DATA EXCERPTS:
* * * * * * * * *
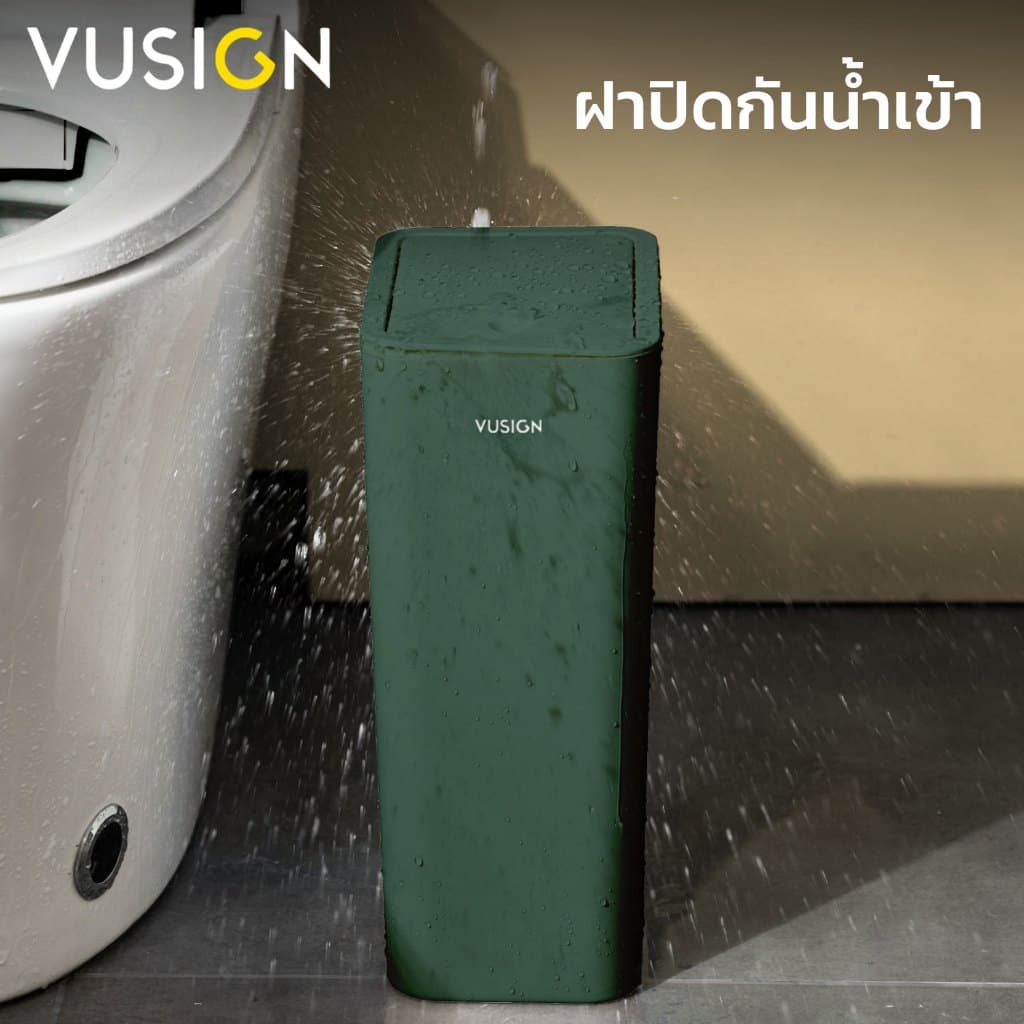 Vusign ถังขยะมินิมอล ถังขยะทรงสูง ฝาแบบกด วัสดุพลาสติกPP คุณภาพดี หนา แข็งแรงทนทาน Flip Trash รูปที่ 2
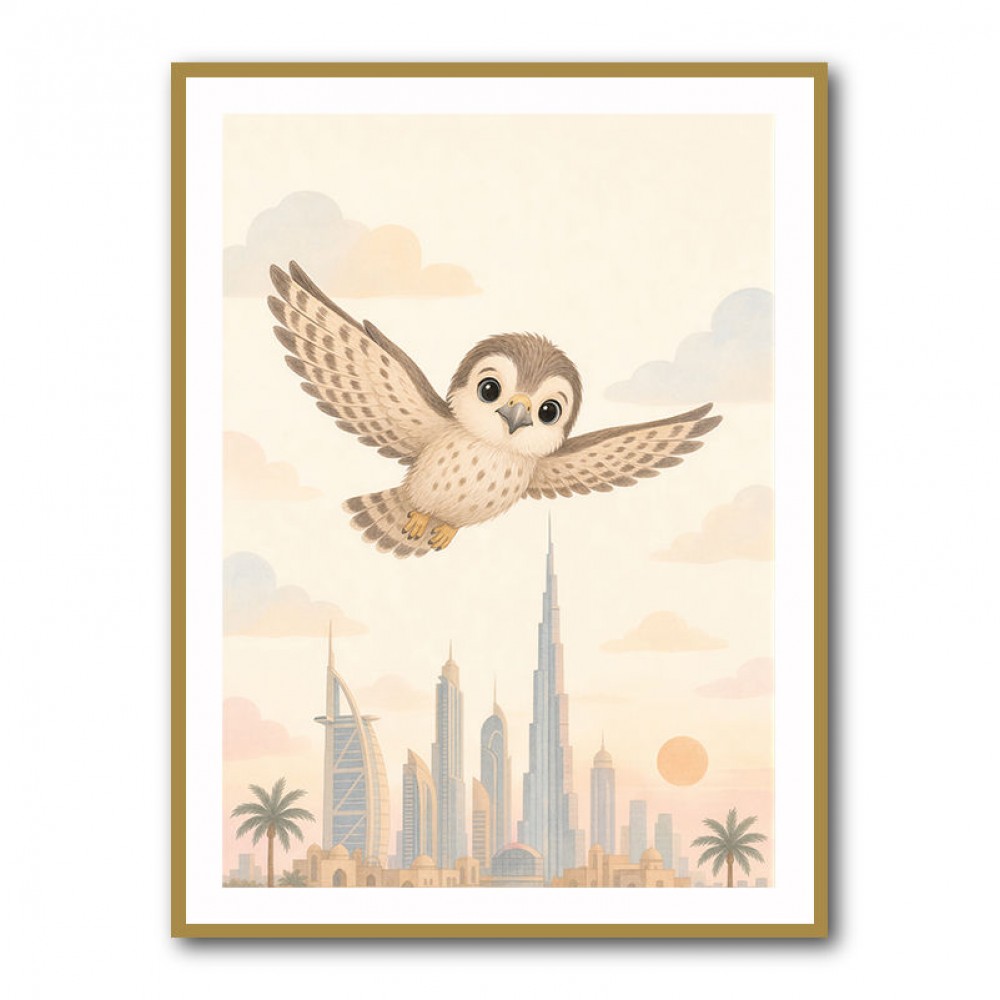 Little Falcon Over Dubai Childrens Wall Art Print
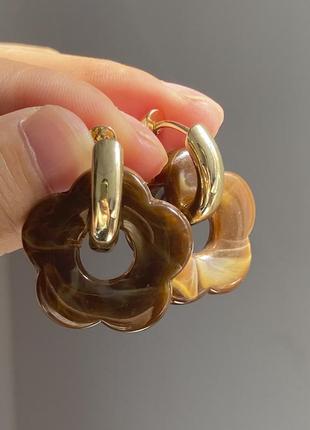 Массивные серьги трансформеры цветы топ сережки цветок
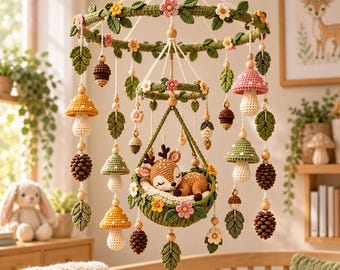 May include: A crochet nursery mobile featuring a central sleeping fawn in a hanging basket, surrounded by dangling elements including green leaves, colorful flowers, brown pinecones, acorns, and various mushrooms in yellow, green, and pink.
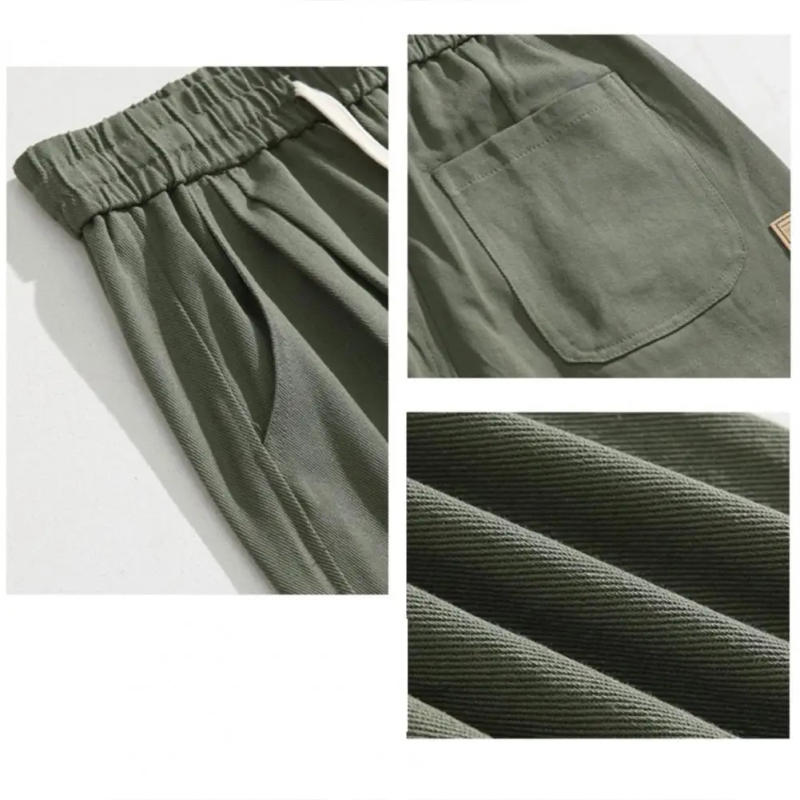 Description Picture 3 of itemSolid Color Pants Men's Wide-leg Retro Work Pants Breathable Versatile Trousers for Casual or Formal Wear Retro Casual Trousers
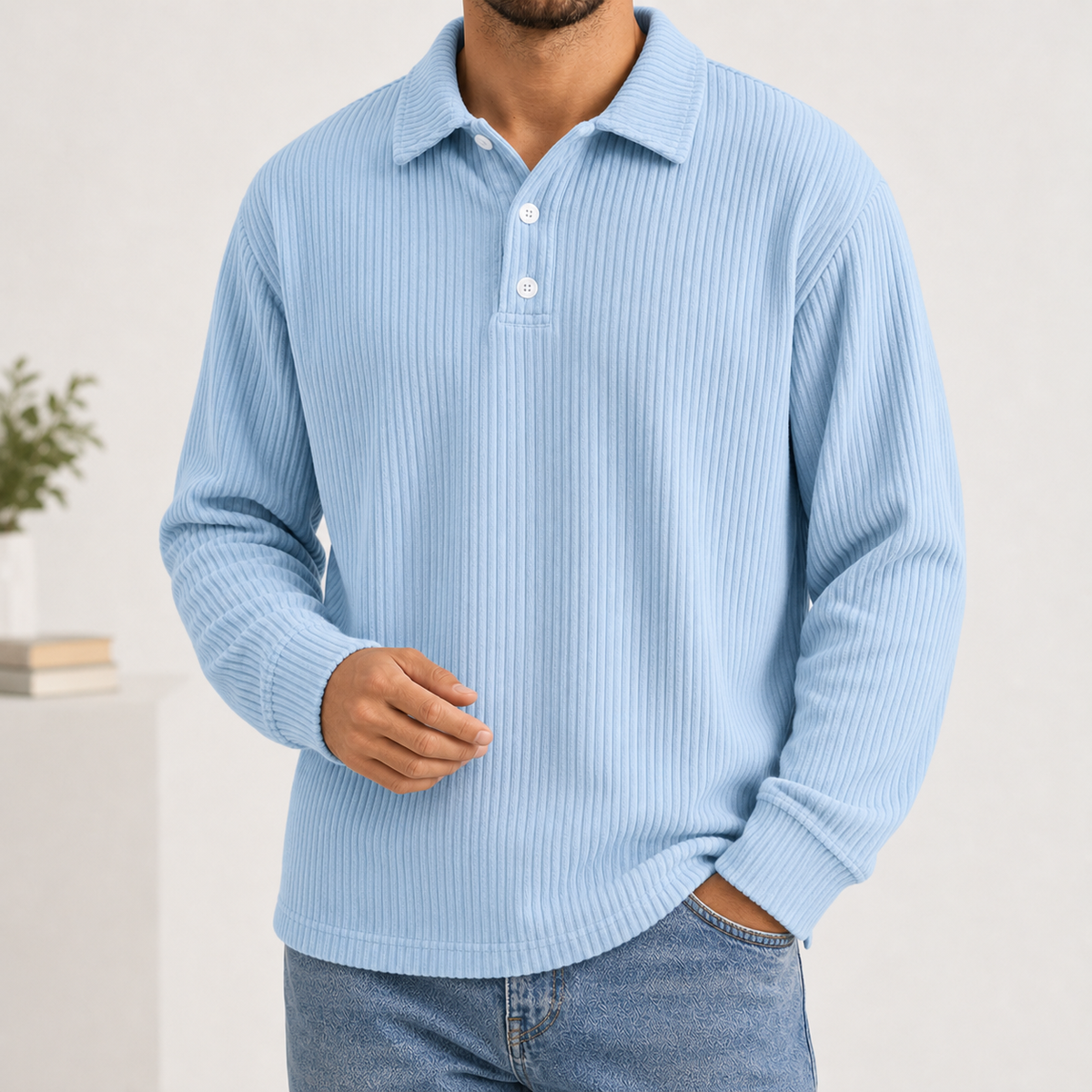 Cosimo Ribbed Polo Shirt - Sky Blue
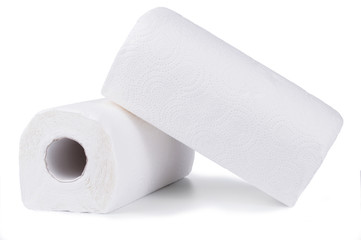 Group of white rolls papper towels, isolated on white background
* * * * * * * * *
Using the listing above, copy exactly the lines from the one that contains "Cosimo Ribbed Polo Shirt - Sky Blue" through its last line, both included, but not the pictures.

 Cosimo Ribbed Polo Shirt - Sky Blue
 Group of white rolls papper towels, isolated on white background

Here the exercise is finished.